CodePudding user response：

The key to understanding what's going on here is that C is an abstraction layer on top of the underlying ISA. Most architectures have little more than registers and memory addresses¹ to work with, all of which are of a fixed size. When manipulating "variables", you're really just expressing your intent which the compiler translates into more concrete instructions.

On x86_64, a common architecture, an int is in actuality either a portion of a 64-bit register, or it's a 4-byte location in memory that's aligned on a 4-byte boundary. An int* is a 64-bit value, or 8-byte location in memory with corresponding alignment constraints.

Putting an int* value into a suitably sized variable, such as uint64_t, is allowed. Putting that value back into a pointer and exercising that pointer may not be permitted, it depends on your architecture.

From the programmer's perspective a pointer is just 64 bits of data. From the CPU's perspective it may contain more than that, with modern architectures having things like internal "Pointer Authentication Codes" (PACs) that ensure pointers cannot be injected from external sources. It gets quite a bit more complicated under the hood.

In general it's best to treat pointers as opaque, that is their actual value is as good as random and irrelevant to the internal operation of your program. It's only when you're doing deeper analysis at the architectural level with sufficiently robust profiling tools that the actual internals of the pointer can be informative or relevant.

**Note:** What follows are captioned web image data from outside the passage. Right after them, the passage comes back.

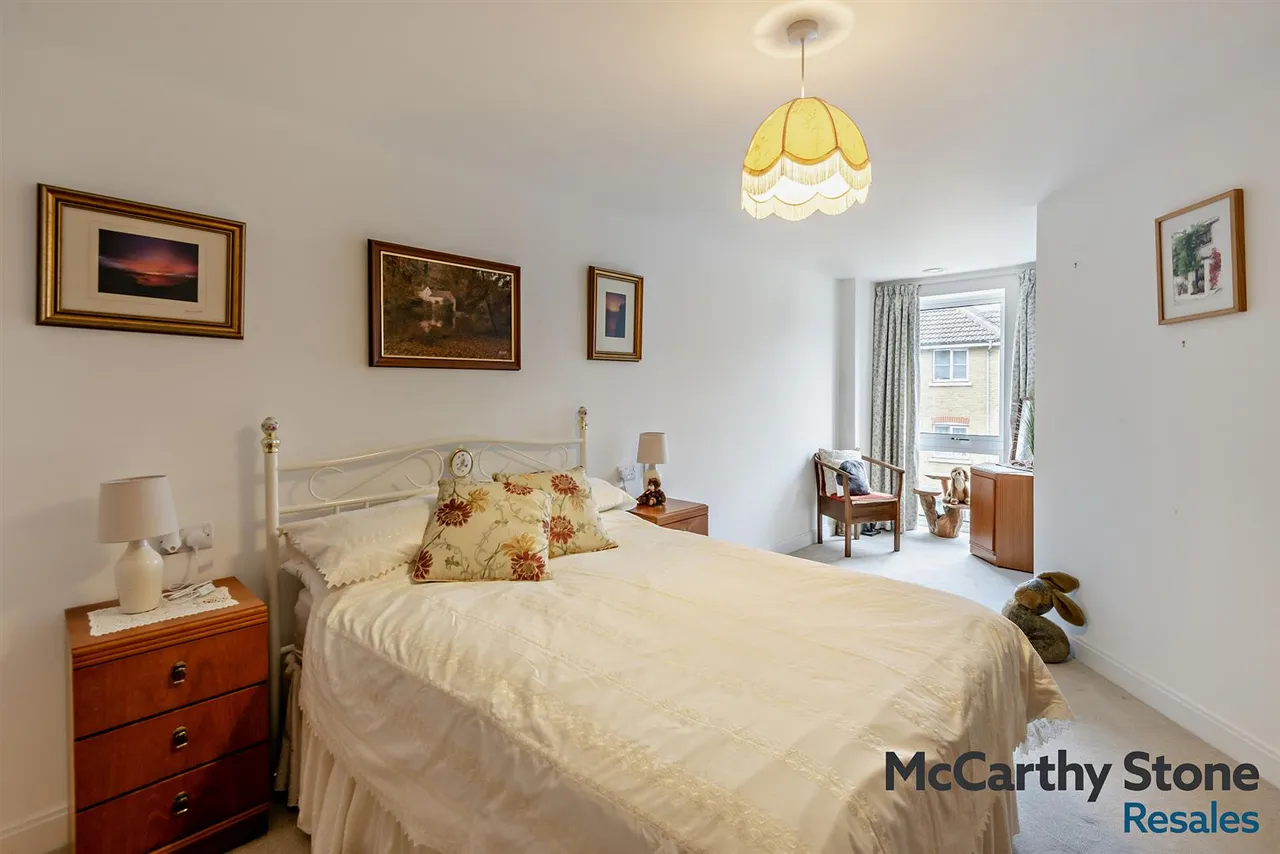 Pegs Lane, Hertford, SG13, photo 9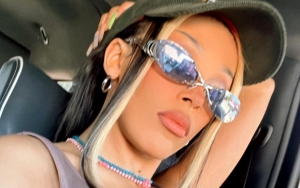 Doja Cat Regrets Lashing Out at Fans, Admits She Owes to Them After Threatening to 'Quit'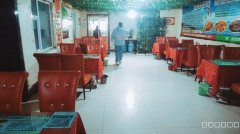 C8087迎宾路百商对面470平餐厅转让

There are several well-defined operations you can do on pointers, like p[n] to access specific offsets within the bounds of a structure or allocation, but outside of that you're pretty limited in what you can do, or even infer. Remember that modern CPUs and operating systems use virtual memory, so pointer addresses are "fake" and don't represent where they are in physical memory. In fact, they're deliberately scrambled to make them harder to guess.

¹ This disregards VLIW, SIMD, and other extensions which are not so simple.